Conto: «O portinho da fraternidade»
Era uma vez um velho rei que queria conhecer melhor a alma do seu povo e decidiu percorrer o país, vestido com umas pobres roupas de lavrador para que ninguém o conhecesse. Ao chegar a uma aldeia da planície, palmilhou algumas ruelas e estranhou que as pessoas o olhassem com algum desdém e lhe virassem a cara quando ele se aproximava para as cumprimentar. Então, o rei identificou-se, pediu que toda a população se reunisse na praça central e disse-lhes:
- Como estou triste convosco. Ninguém foi capaz de olhar para mim com estima. Sem um sincero sentimento de fraternidade, os homens nunca se relacionarão uns com os outros como membros da mesma família humana e, então, em vez de viverem como irmãos, lutarão entre si como adversários ou inimigos e destruir-se-ão irremediavelmente. É impressionante como a inteligência humana foi capaz de conhecer e explorar o planeta e levar-nos à lua e de pouco nos tem servido para descobrirmos e reconhecermos que os outros são nossos irmãos. Conseguimos aprender a voar como as aves e a nadar como os peixes e achamos muito complicado aprender a sentir-nos e considerar-nos todos uma só família. Vou embora desolado.
O rei foi-se embora e, ao entrar num vilarejo da montanha, decidiu bater à porta de algumas casas e pediu uma esmola nalgumas e noutras um pão ou uma sopa. Como poucos o acolheram com misericórdia, aproximando-se de algumas pessoas que estavam na conversa junto à igreja, disse:
- Eu tenho vergonha de ser o rei de um país, onde a fraternidade parece uma palavra oca. O ser humano diz amar a Deus, que é uma realidade transcendente, imaterial e invisível, e, muitas vezes, odeia o seu irmão, o seu vizinho ou o seu colega, que estão ao seu lado e são bem visíveis. É imprescindível compreendermos que fomos feitos para vivermos como irmãos e só assim a vida terá sentido e conseguiremos ser felizes. É triste pensar que, mais vezes do que seria desejável, o coração humano está mais inclinado para o egoísmo e a maldade do que para a fraternidade e o amor.

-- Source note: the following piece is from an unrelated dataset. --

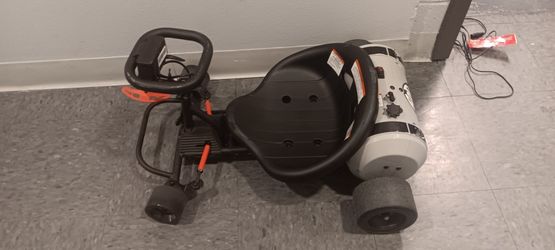 The Razor Ground Force Rad Rod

Então, o velho monarca saiu dali entristecido e dirigiu-se para uma cidadezinha que se situava junto a um grande lago. Para não variar, também ficou mal impressionado com as suas gentes pois se uns andavam pelas ruas como se não conhecessem ninguém, outros discutiam e até se revelavam agressivos. Então, o rei mandou reunir a população junto a uma árvore e disse-lhes amargurado:
- Como rei, tudo fiz para construir um país próspero, unido e em paz, mas a verdade é que não parecemos uma só família nem nos tratamos como irmãos. A nossa vocação é o amor e se todos dermos as mãos uns aos outros, não conseguiremos pegar em armas para nos matarmos. Mais do que pensar da mesma maneira e fazer da mesma forma, a fraternidade convida-nos, a pensarmos juntos e a fazermos as coisas uns com os outros. Nem sempre os irmãos são verdadeiros amigos, mas os amigos autênticos viverão sempre como irmãos e a diversidade e a complementaridade são uma riqueza enorme que nos faz ir muito mais além.
O rei, já desesperado, saiu dali e foi até uma aldeia junto ao mar. Ao ver chegarem dois barcos do mar, deu-se conta da união e a alegria de toda a gente a ajudar nas tarefas da pesca e na distribuição do peixe por toda a gente. Para seu espanto, vários pescadores aproximaram-se e convidaram-no a jantar com eles e a passar ali a noite. O rei, sem saber bem o que dizer ou fazer, aceitou e disse à população:
- Sou o vosso rei e, sem o saberdes, reconhecestes em mim um irmão. O futuro do reino e da humanidade está assegurado enquanto houver pessoas boas como vocês. A verdadeira felicidade está em partilhar o que temos e somos com os outros. Por isso, vou recompensar-vos com a melhoria das vossas casas e dos vossos barcos e vou chamar à vossa terra Portinho da Fraternidade por serdes um exemplo para todos.
O velho rei conviveu com aquela gente simples como se fossem verdadeiramente seus irmãos e regressou ao seu palácio com o coração cheio de alegria e esperança.